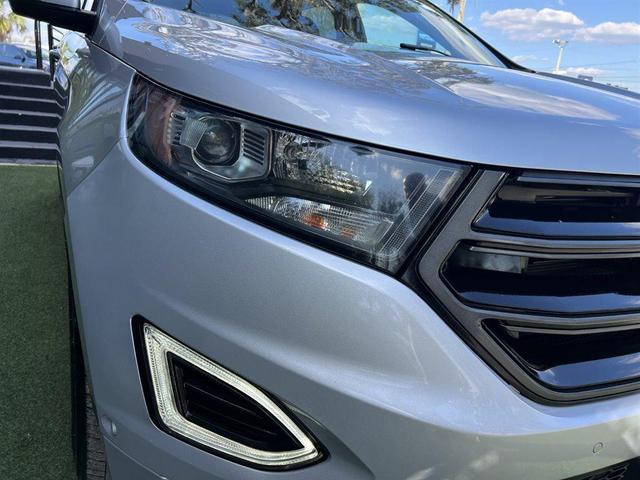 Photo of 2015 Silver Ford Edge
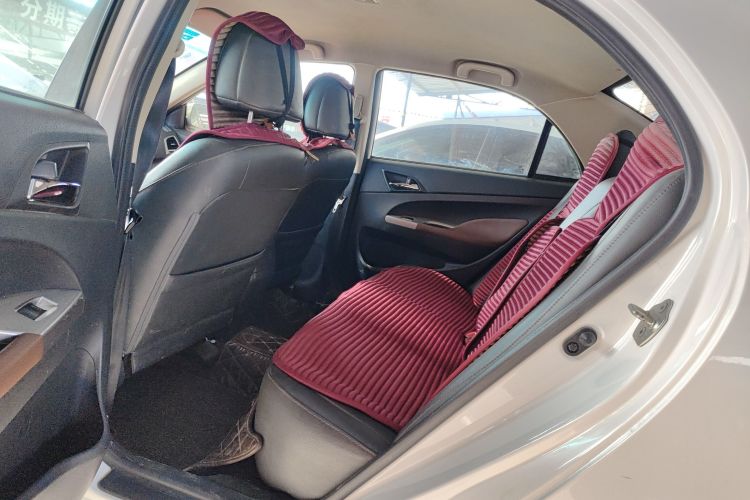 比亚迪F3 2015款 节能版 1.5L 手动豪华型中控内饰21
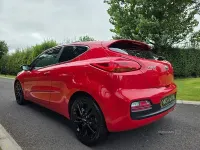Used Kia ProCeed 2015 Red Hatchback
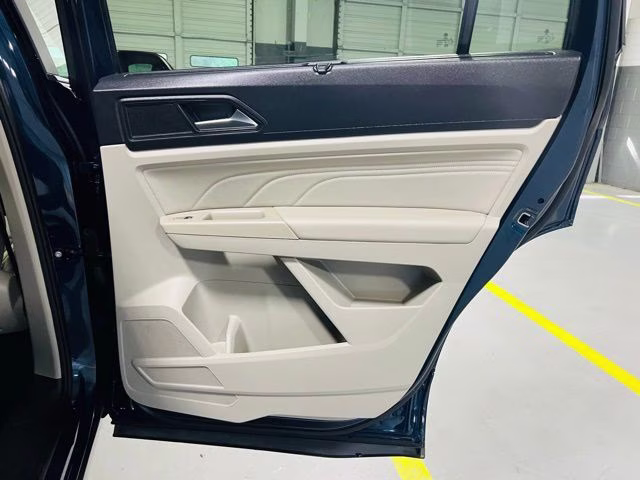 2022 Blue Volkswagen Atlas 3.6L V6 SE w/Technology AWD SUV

● ● ● ●

Work to be completed: What is needed is the listing above, repeated verbatim, without its images.

Response below:
 Photo of 2015 Silver Ford Edge
 比亚迪F3 2015款 节能版 1.5L 手动豪华型中控内饰21
Used Kia ProCeed 2015 Red Hatchback
 2022 Blue Volkswagen Atlas 3.6L V6 SE w/Technology AWD SUV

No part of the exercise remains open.